── Supplied data ──
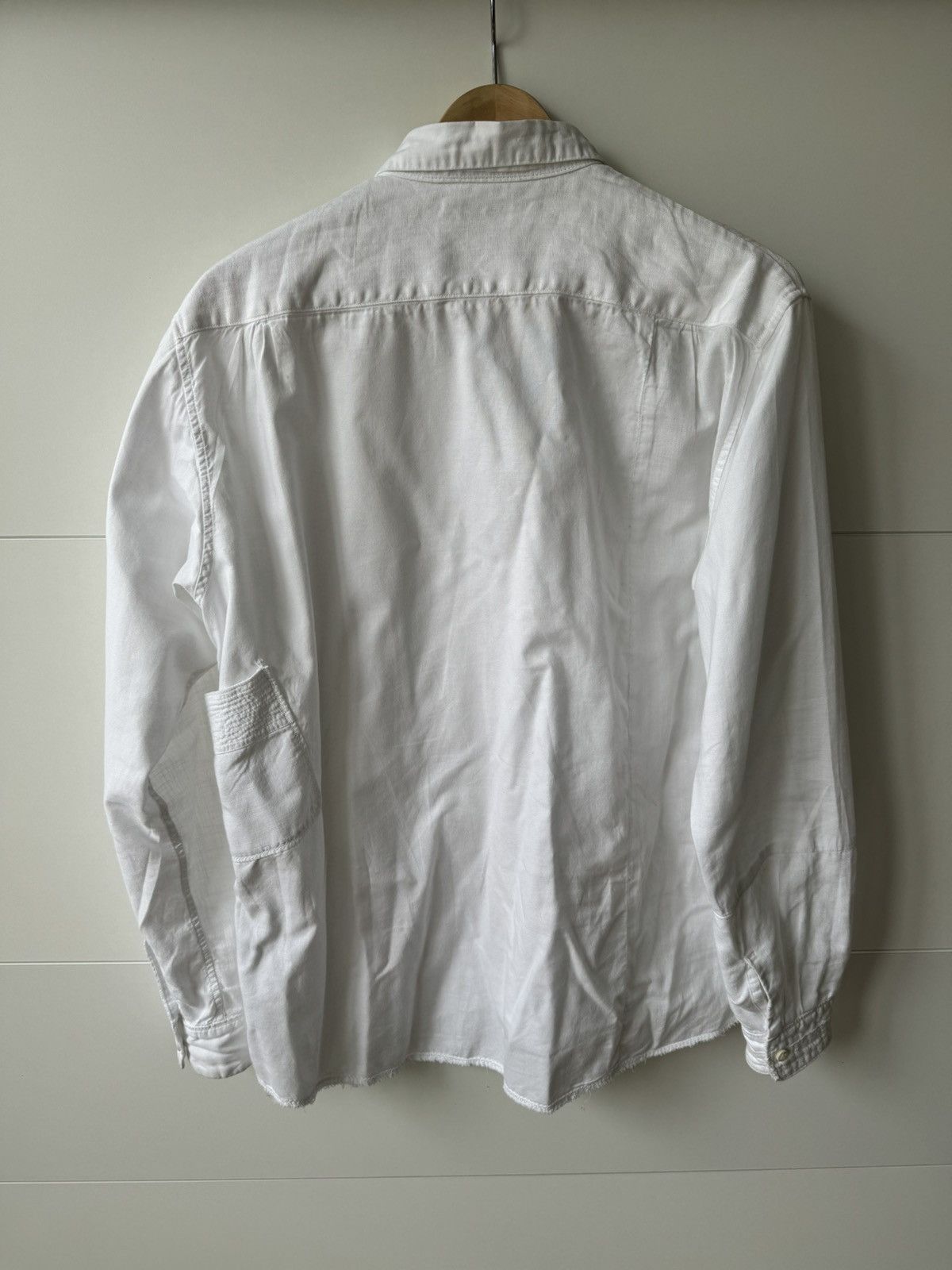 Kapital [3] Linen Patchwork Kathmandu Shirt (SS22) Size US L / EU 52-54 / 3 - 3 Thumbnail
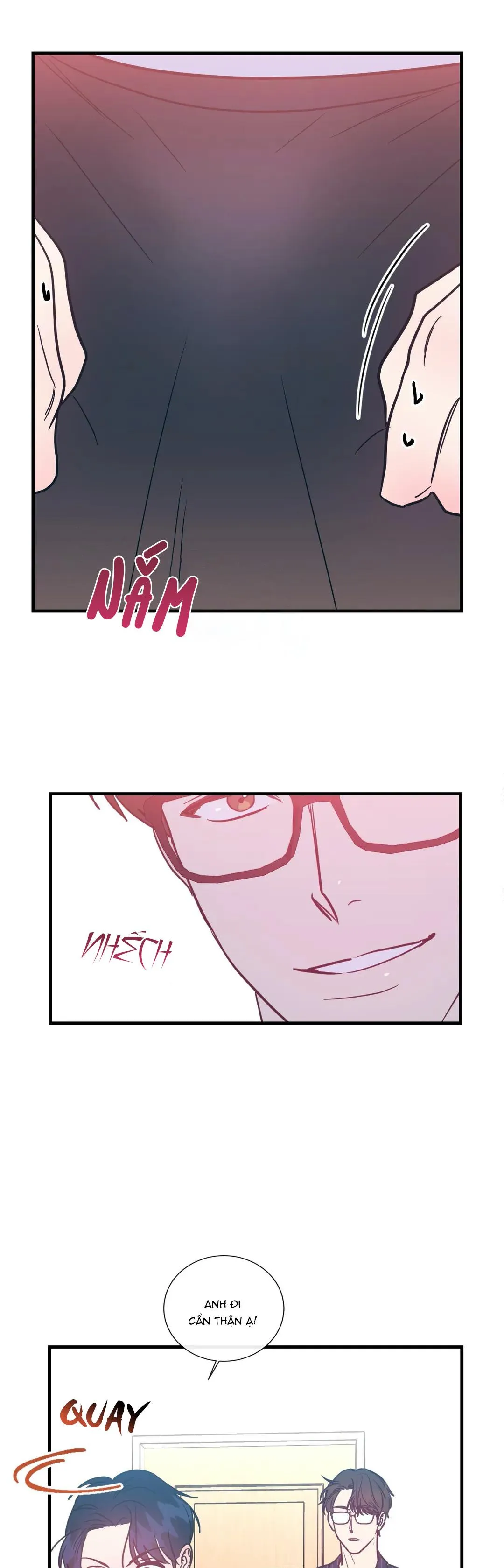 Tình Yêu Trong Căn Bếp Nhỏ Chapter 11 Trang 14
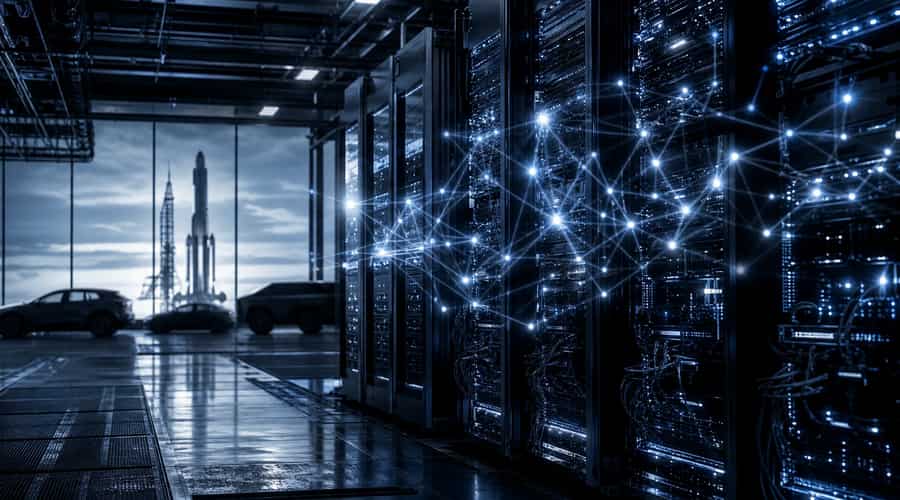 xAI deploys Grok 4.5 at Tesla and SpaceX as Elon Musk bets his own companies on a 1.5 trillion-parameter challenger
───
▶ [Task objective] Word for word, quote the full listing, omitting every picture.

▶ [Task result]
 Kapital [3] Linen Patchwork Kathmandu Shirt (SS22) Size US L / EU 52-54 / 3 - 3 Thumbnail
 Tình Yêu Trong Căn Bếp Nhỏ Chapter 11 Trang 14
 xAI deploys Grok 4.5 at Tesla and SpaceX as Elon Musk bets his own companies on a 1.5 trillion-parameter challenger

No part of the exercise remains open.